> _THE PROBLEM_: When you reach the records below, output every one exactly as written but leave out any pictures.

*** Opening of INFORMATION SUPPLIED ***

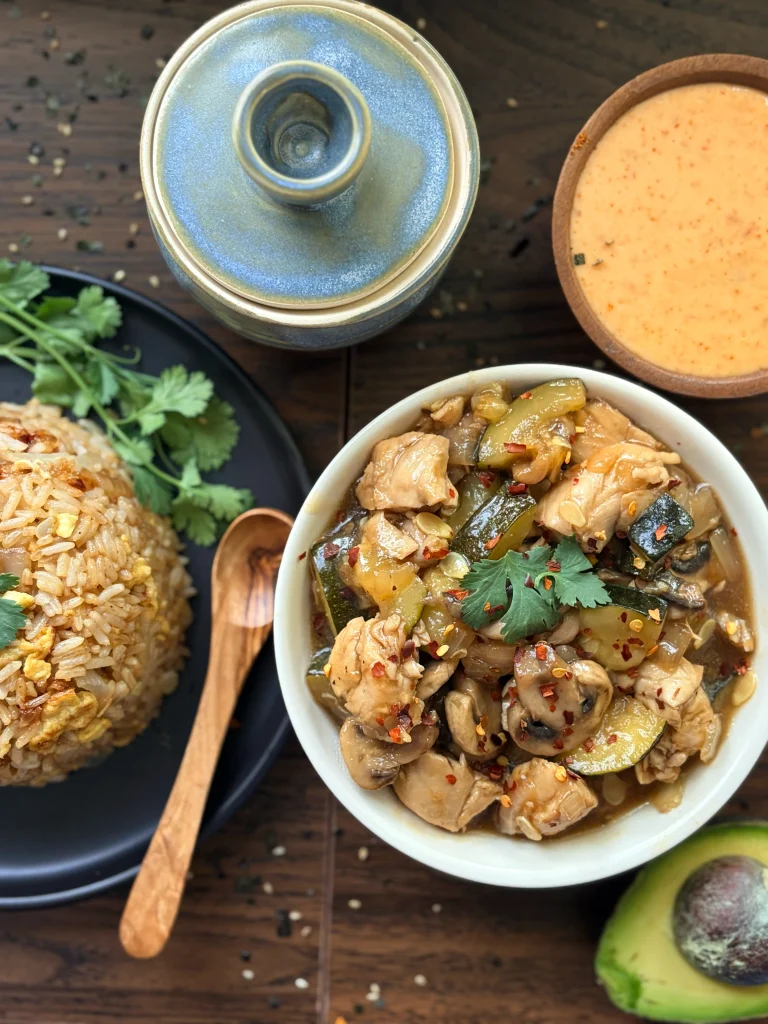 Bowl of hibachi chicken and vegetables with a side of fried rice. Bowl of yum yum sauce and half an avocado on the side.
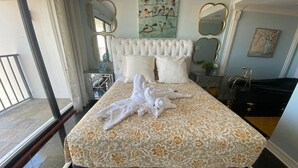 Un lit bien fait, recouvert d’une couvre-lit à motifs floraux, avec une tête de lit blanche et une paire de serviettes blanches.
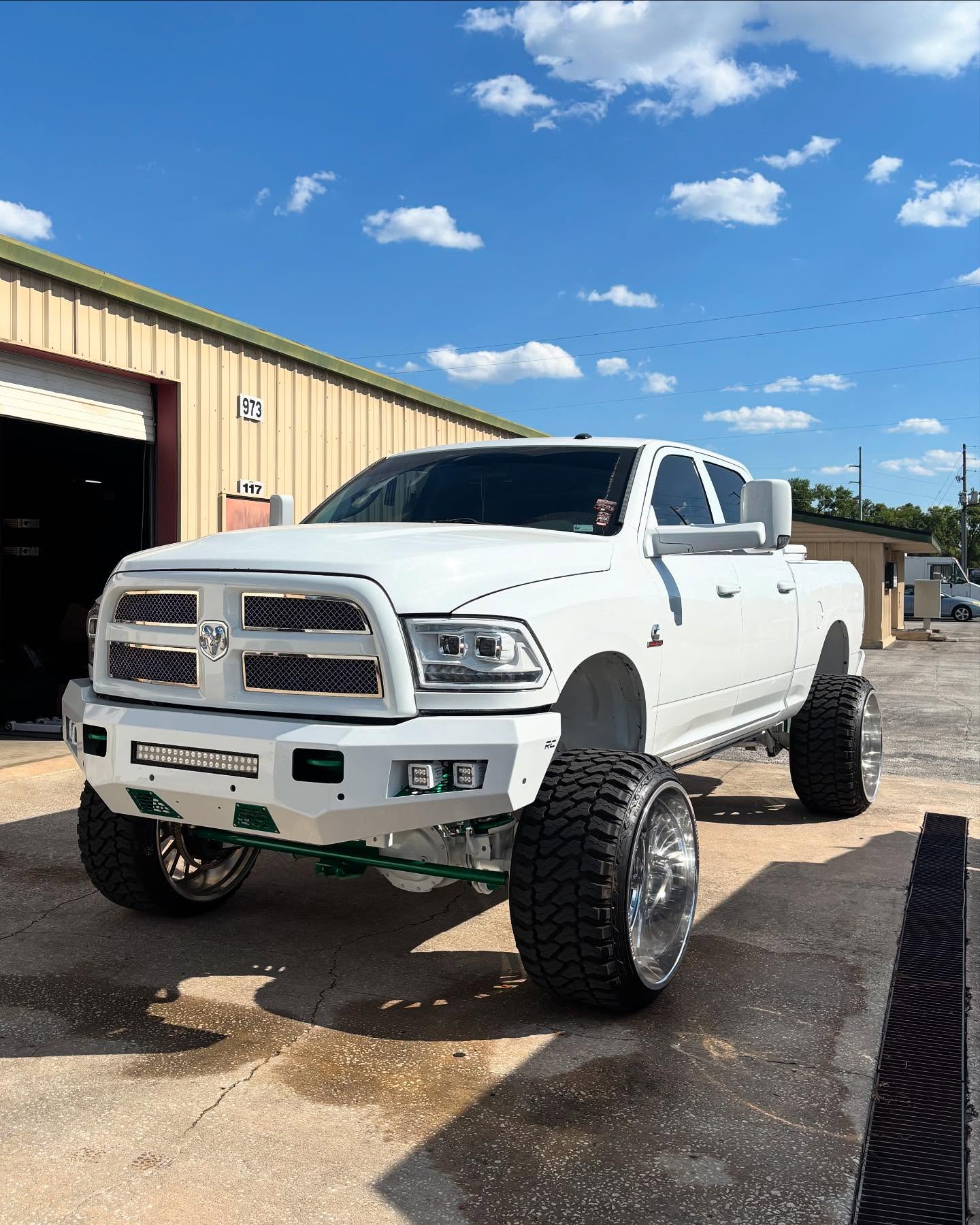 White Ram 2500 HD with an aftermarket front bumper and lift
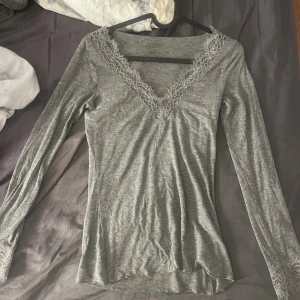 Intimissimi tröja grå - Snygg grå långärmad topp med v-ringning och spetsdetaljer vid halsringningen och ärmsluten. Tunn och mjuk i materialet, perfekt för dig som gillar stilrena plagg med lite extra detaljer. Passformen är normal och toppen har en feminin touch med spetsen.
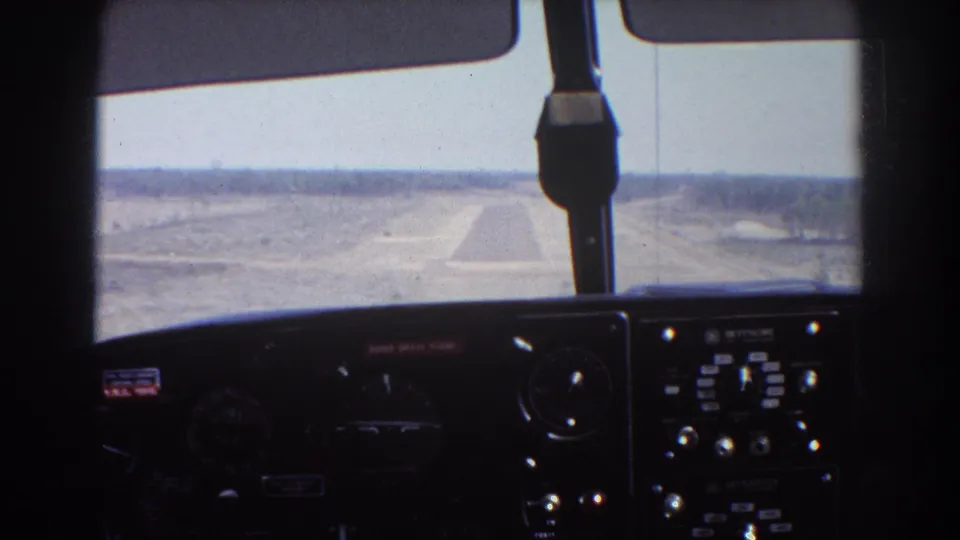 Brisbane-area 1967 cockpit landing view with aircraft instruments in shadow and a remote runway ahead over dry ground.
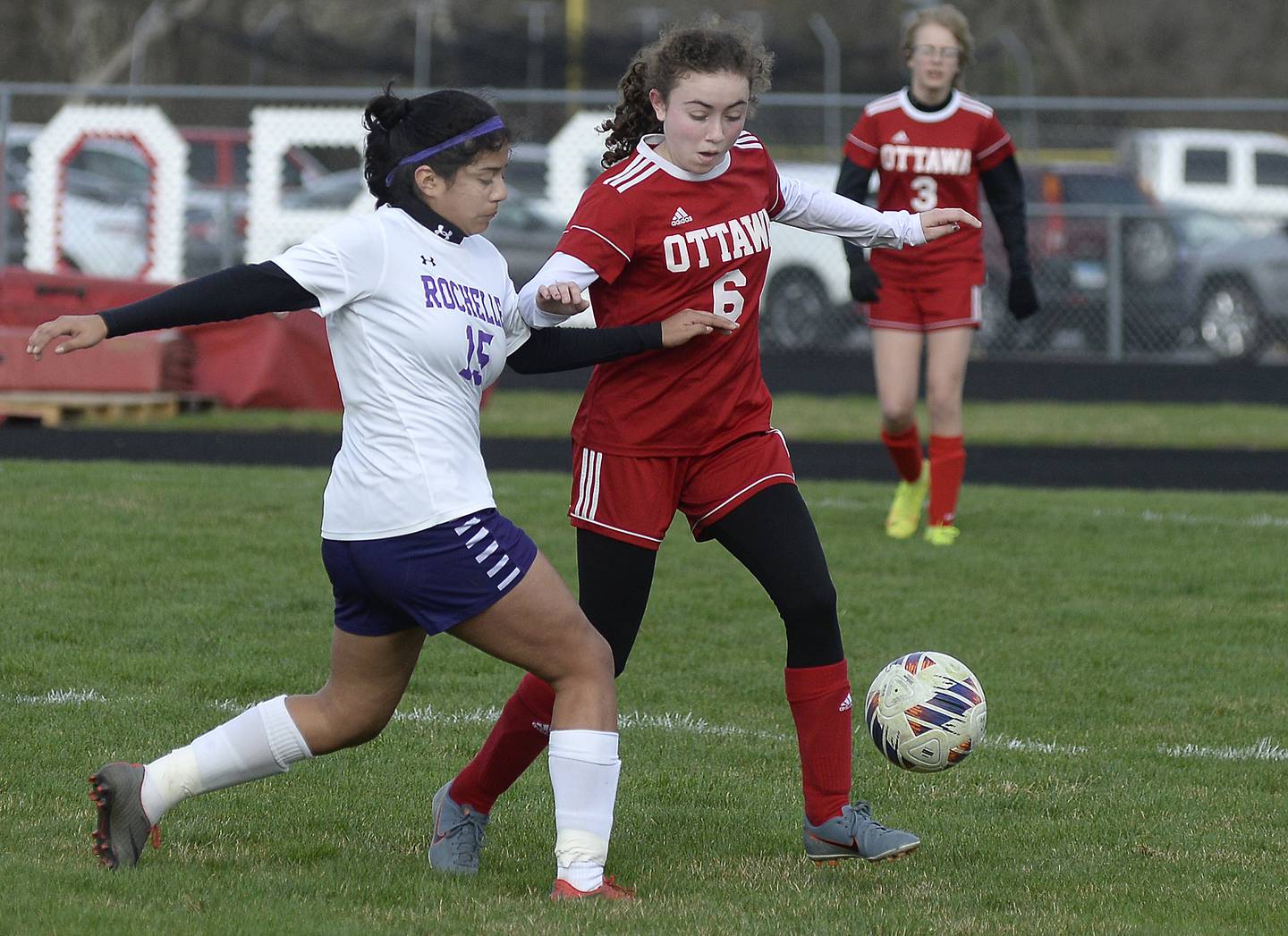 Ottawa’s Kindley Moore fights for control of the ball with Rochelle’s Betty Flores  in the first half during a match  on Wednesday, April 5, 2023 at King Field in Ottawa.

*** Close of INFORMATION SUPPLIED ***

> _TASK RESPONSE_:
 Bowl of hibachi chicken and vegetables with a side of fried rice. Bowl of yum yum sauce and half an avocado on the side.
 Un lit bien fait, recouvert d’une couvre-lit à motifs floraux, avec une tête de lit blanche et une paire de serviettes blanches.
 White Ram 2500 HD with an aftermarket front bumper and lift
 Intimissimi tröja grå - Snygg grå långärmad topp med v-ringning och spetsdetaljer vid halsringningen och ärmsluten. Tunn och mjuk i materialet, perfekt för dig som gillar stilrena plagg med lite extra detaljer. Passformen är normal och toppen har en feminin touch med spetsen.
 Brisbane-area 1967 cockpit landing view with aircraft instruments in shadow and a remote runway ahead over dry ground.
 Ottawa’s Kindley Moore fights for control of the ball with Rochelle’s Betty Flores  in the first half during a match  on Wednesday, April 5, 2023 at King Field in Ottawa.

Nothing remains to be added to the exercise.